By Kentucky Basketball standards, the 2017-18 season was underwhelming.
Despite a trip to the Sweet 16, there was a lot of ugly moments last season. The Cats were swept in the regular season by rivals Florida and Tennessee, they lost their consecutive games streak with at least one three-pointer that lasted over 1,000 games, fell out of the AP Top 25 in the middle of the season, and suffered the worst losing streak in the John Calipari era (4 games).
With the struggles, many players returned for their sophomore season, unlike the 2016-17 team that saw all their key freshman head for the pros.
Two of those returning from last year are Nick Richards and Quade Green.
Richards struggled mightily at times. He averaged just 4.4 rebounds per game from the center position with 0.9 blocks and 5.1 points.
Despite the struggles, Richards thinks he will have a much improved season due to a climate change.
“I’m having more fun playing basketball with this group,” Richards said at Thursday’s media day. “It’s just more exciting, more competitive. Guys actually get after each other. Off the court, we don’t really hate each other. We just gel together.”

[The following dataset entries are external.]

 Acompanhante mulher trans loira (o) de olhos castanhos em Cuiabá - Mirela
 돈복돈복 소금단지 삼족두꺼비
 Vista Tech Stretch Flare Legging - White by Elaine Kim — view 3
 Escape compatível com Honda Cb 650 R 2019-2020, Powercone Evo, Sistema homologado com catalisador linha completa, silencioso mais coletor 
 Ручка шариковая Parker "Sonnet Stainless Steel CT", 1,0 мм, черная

Richards went on to talk about how last year’s team struggled to cope with their rough season.
“We would have horrible practices, and the next practice, the next day, we were still thinking about that practice. Stuff like that, we didn’t really move on from (it).”

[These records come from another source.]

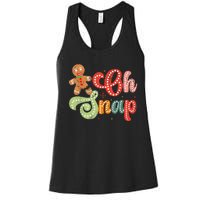 Gingerbread Man Oh Snap Christmas Funny Cookie Baking Women's Racerback Tank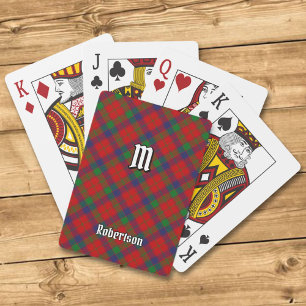 Jeu De Cartes Clan Robertson Tartan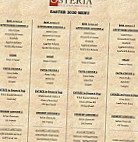 Osteria Cucina Rustica menu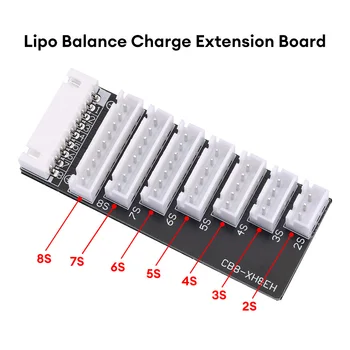 2-8S Lipo de Încărcare a Bateriei Balance Board de Expansiune Adaptor Încărcător RC LiPo de Încărcare a Bateriei de Încărcare Paralel Adaptor de Bord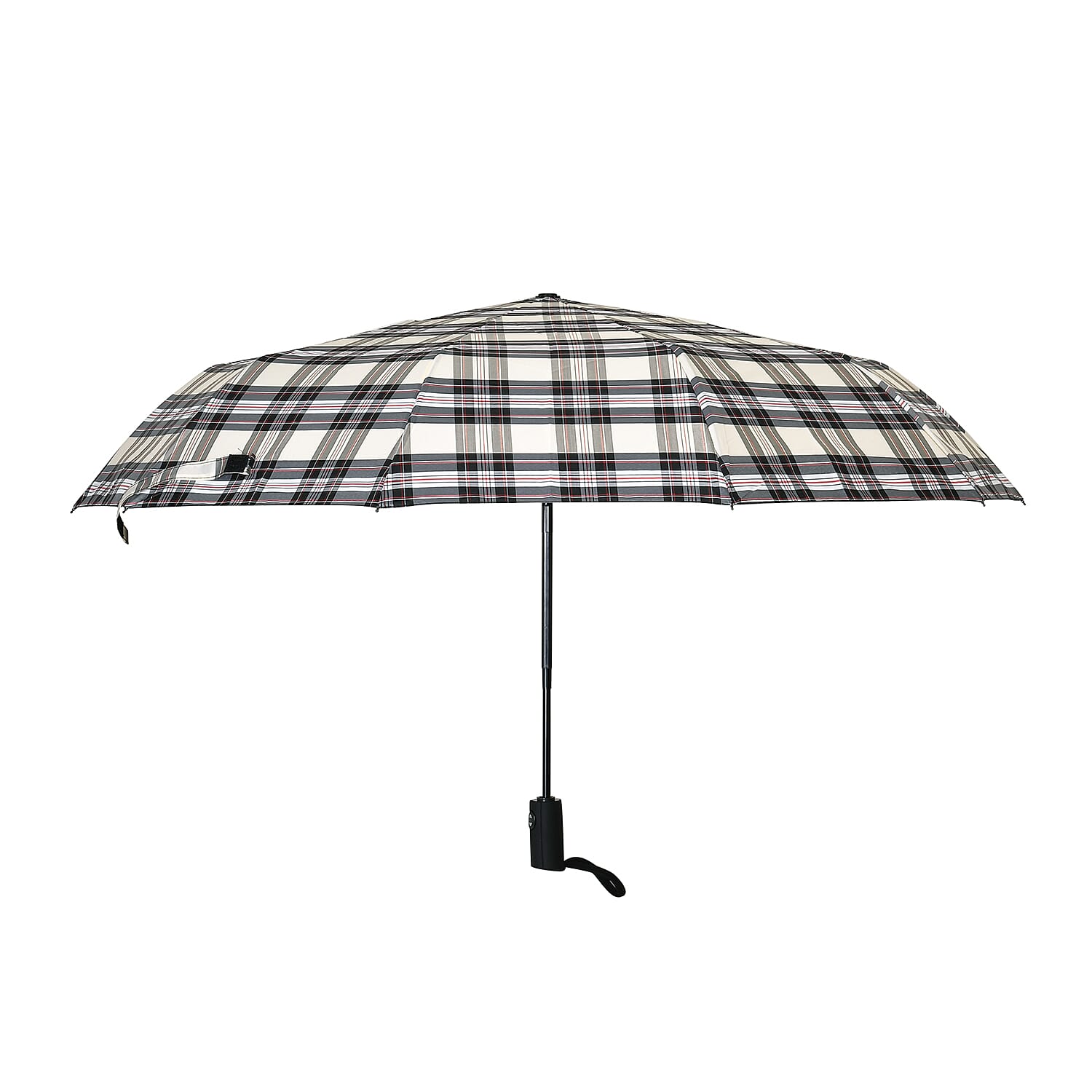 Auto Open - Close Folding Umbrella with Plaided Pattern - Yellow 7621739 2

With better team chemistry, Richards seems more comfortable and feels his game will improve. It also helps that he has a beast of a man in Reid Travis to go up against every day in practice.

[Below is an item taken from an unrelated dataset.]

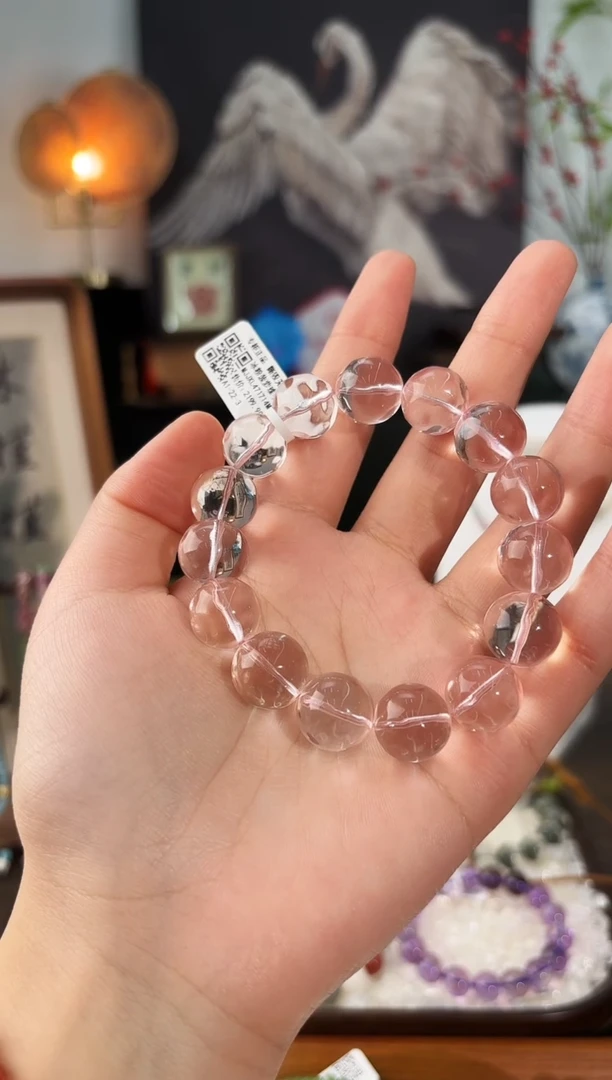 未镶嵌手串水晶MJJXL471714冰粉菠萝珠手串14+多样性发一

Richards actually says he’s holding his own.
“I wouldn’t say he bruises me up. We usually go back and forth with each other. We play to make each other better.”
In terms of leadership, Richards is glad to have returning veterans like Quade Green and PJ Washington, along with Travis, to help guide this team.
“It’s really just the three veterans from last year – me, PJ (Washington) and Quade (Green). Reid helps along the way. We just try to help the freshmen catch up. It makes life easier. It was tougher last year because we had nine freshmen on the team. We didn’t have anyone to look up to.”
Green’s freshman year was a little smoother than Richards.
Despite missing time to injury and falling behind eventual lottery pick Shai Gilgeous- Alexander on the depth chart, Green averaged 9.3 points per game and 2.7 assists per game.
Unlike Richards, Green does not see too much of a difference in this years team compared to last.
“Nothing changed with this group. Just some newcomers, and everyone gets better,” Green said.
While Green said there wasn’t much difference, he did express excitement with how hard this team is willing to work to reach their dreams.
“Everybody is willing to work. Everybody is willing to be coached by Coach Cal be, willing to put in work in the gym,” said Green. “We all just put it together, and it’s going to work on the court.”
Green, who is in noticeably better shape, said he had a great offseason of training.
“Over the summer, I just put a look a work in,” Green said. “A lot of running a lot of situps and court stuff.”
Unlike last year, Kentucky has plenty of experience on the roster. Both Richards and Green will be key factors in Kentucky trying to make it back among the elite.